Seyla Benhabib kritisiert zwar ebenso wie Agamben und Arendt den fehlenden

menschenrechtlichen Umgang mit Flüchtlingen, sieht aber die Chancen eher in der Veränderung der

Voraussetzungen in dem System demokratischer Nationalstaaten in dem sie Anwendung finden,

anstatt das Konzept der Menschenrechte in seinem Grundsatz zu hinterfragen.
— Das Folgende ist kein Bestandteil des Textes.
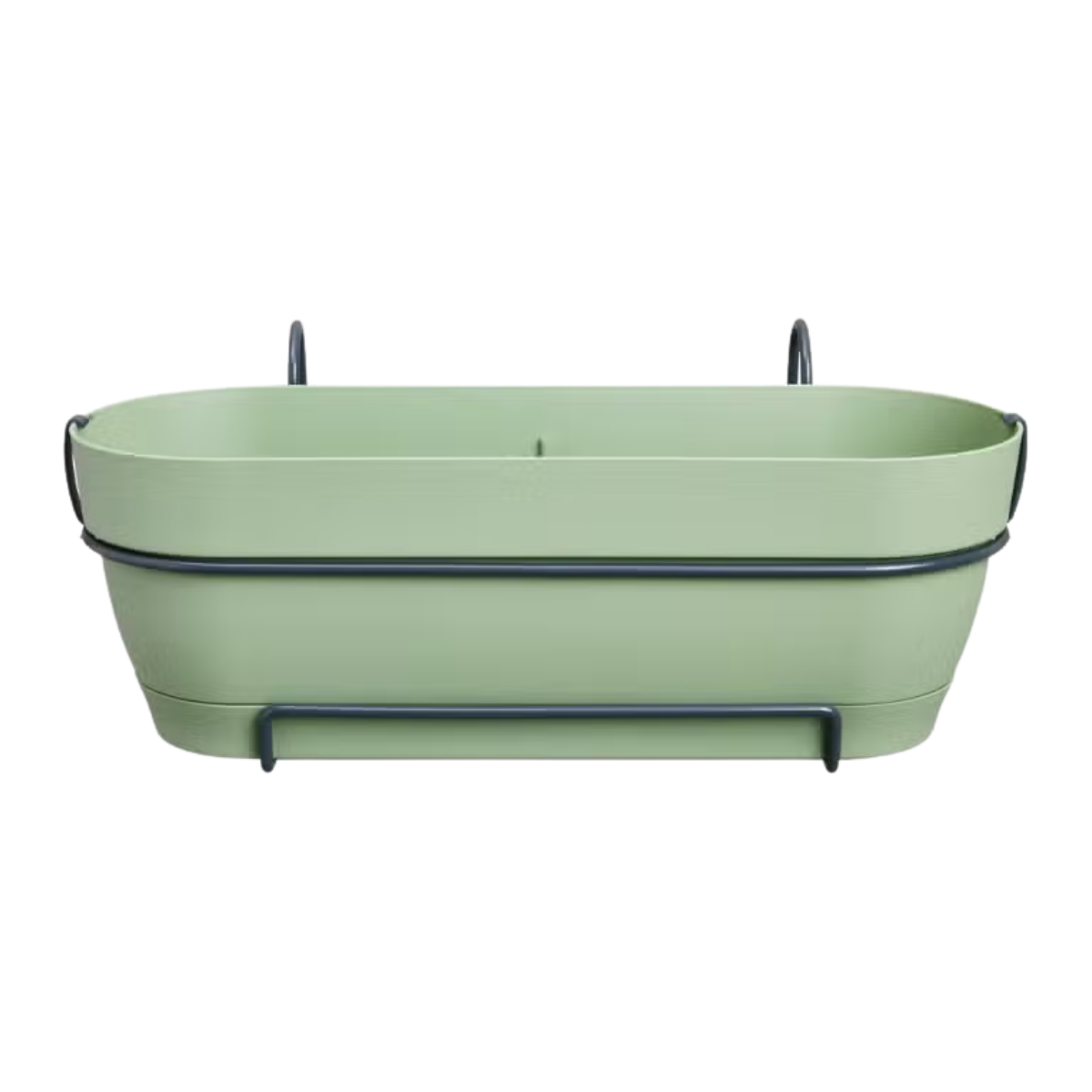 Elho Balkonbak Vibia Campana Allin1 Pistachegroen 50.4 x 26 x 17.7 cm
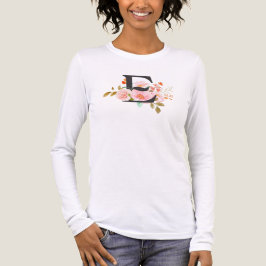 Buchstabe E Tri-Blend Shirt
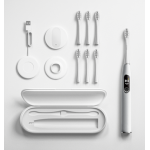 Oclean 歐可林 X Pro Elite Premium 智能聲波電動牙刷套裝 (岩石灰色)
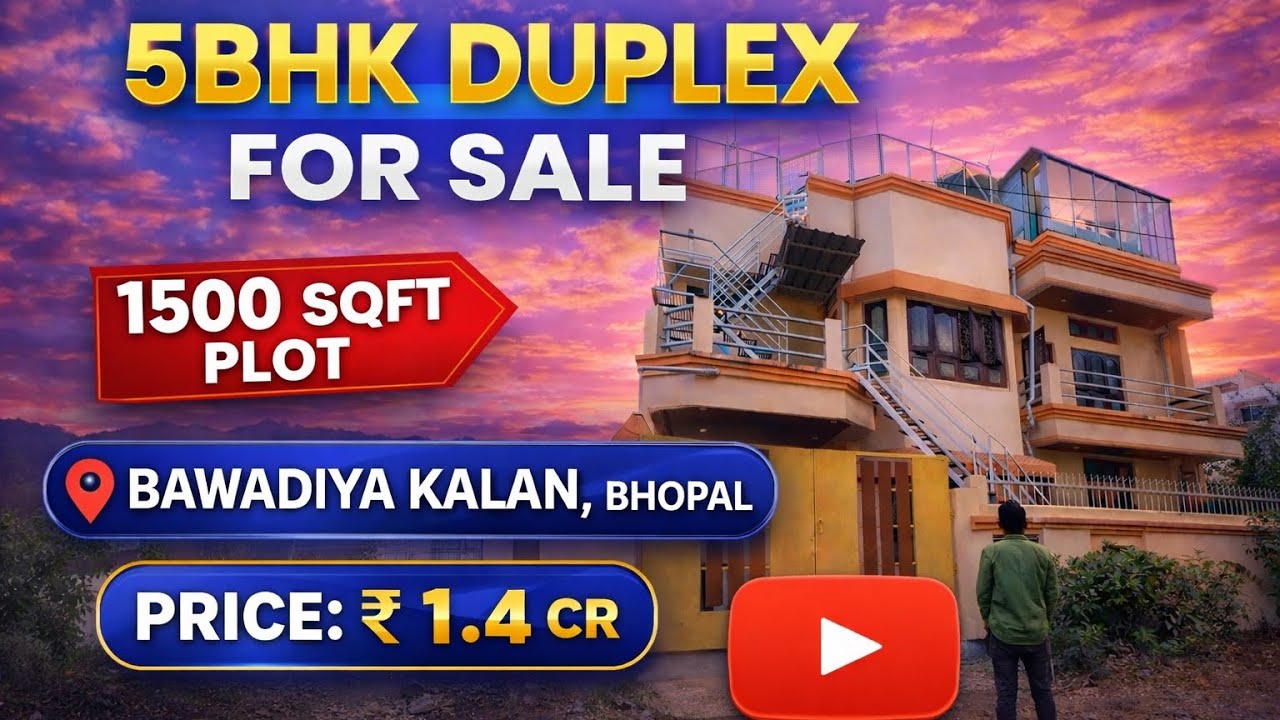 5bhk duplex in bawadiya kalan 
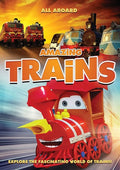 Amazing Trains - Amazing Trains - DVD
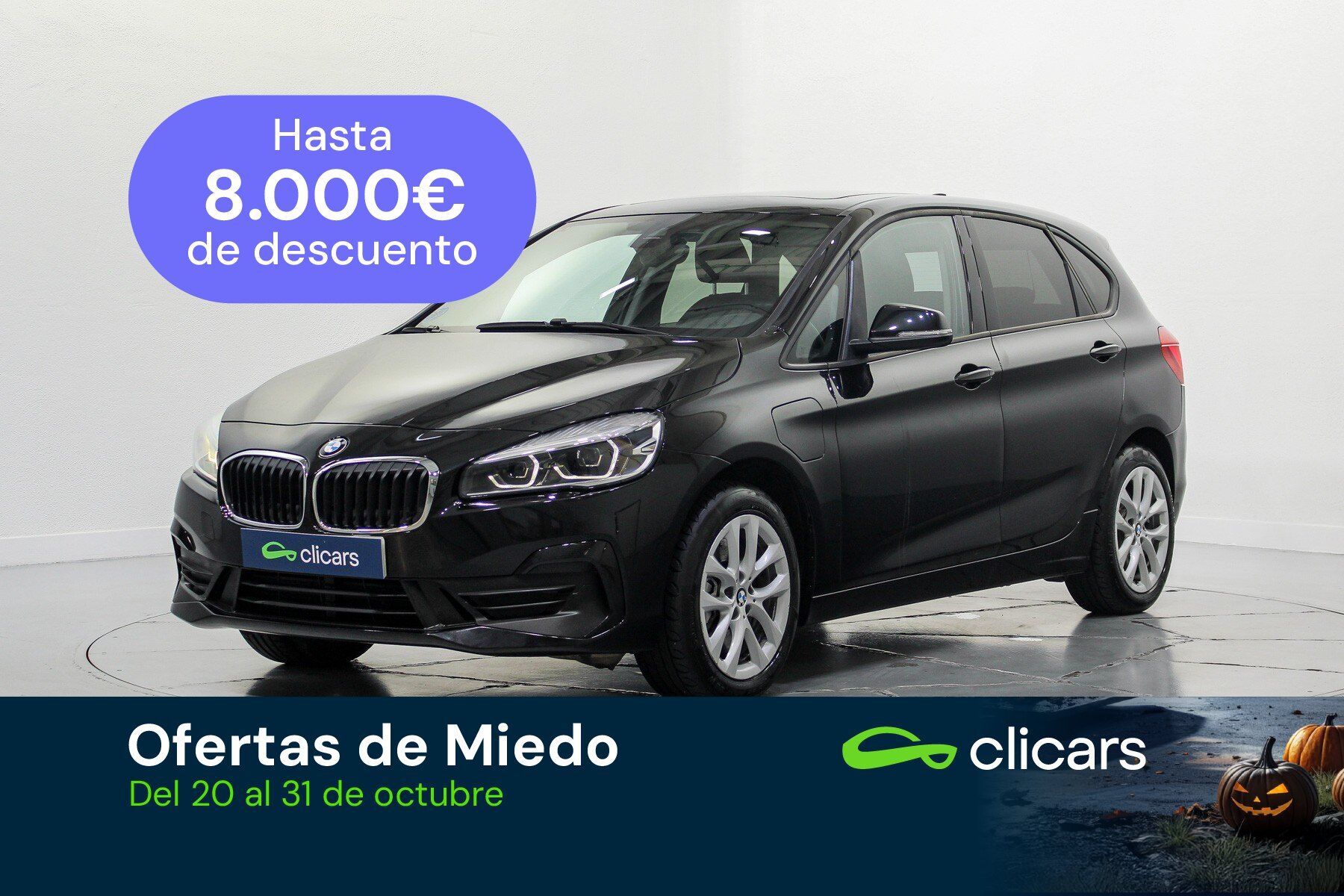 BMW Serie 2 (225xe Active Tourer) en Madrid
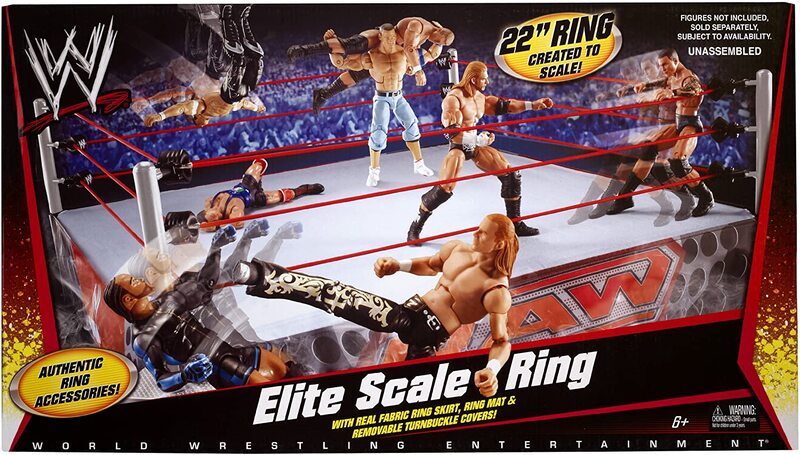 WWE Mattel Elite Scale Ring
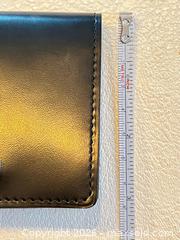 MaxSold Auction: S.T DuPont France Leather Card Case  - Blandford-Blenheim (Ontario, Canada) SELLER MANAGED Downsizing Online Auction -  Harmer Crescent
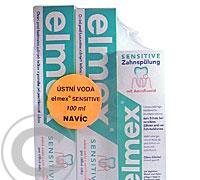 Elmex Sensitive zubní pasta 2x75ml vzorek ústní vody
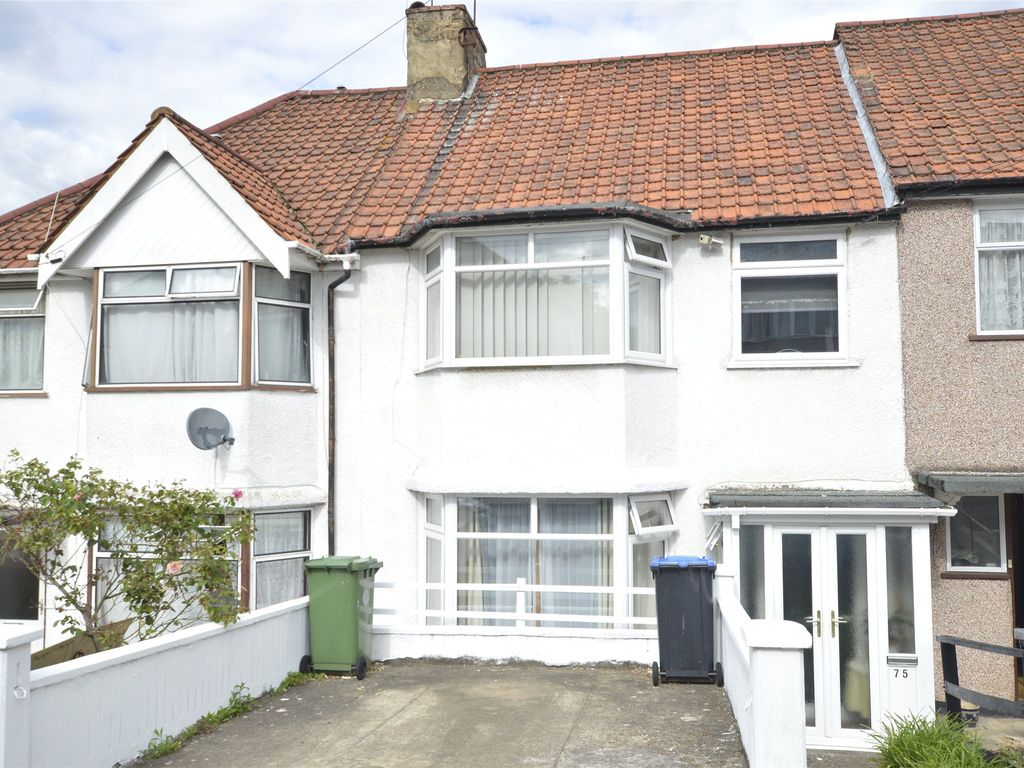 3 bed terraced house for sale in The Ridgeway, London NW9 Zoopla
Ihr entwickeltes

Konzept des kosmopolitischen Föderalismus soll dabei einen Beitrag leisten, einen Ausweg aus dem

Dilemma zwischen nationalstaatlicher Souveränität und universell gültigen Menschenrechten zu

entwickeln. Natürlicherweise gerät auch dieses Konzept an Grenzen und Benhabib selbst ist sich

bewusst, dass nicht alle Prozesse, und scheinen sie noch so fortschrittlich, zu letztendlich guten

Lösungen führen. Bonnie Honig kritisiert Benhabib insofern, dass sie ihr vorwirft, sich zu sehr auf

formales Recht zu konzentrieren (vgl. Honig 2008: 98). Sie würde die Situation von Flüchtlingen

somit rein von Rechten abhängig machen. Nach Honig könnten diese aber auch Zugang zu

Bürgerrechte erhalten, wenn ganz im Gegenteil das Recht, vor allem von Verwaltungsbeamten

nicht immer durchgesetzt werden würde. Dazu bedarf es der Möglichkeit Schutz und Zuflucht zu

finden und an Menschen, die sich für Papiere der bereits im Land lebenden Migranten einsetzen.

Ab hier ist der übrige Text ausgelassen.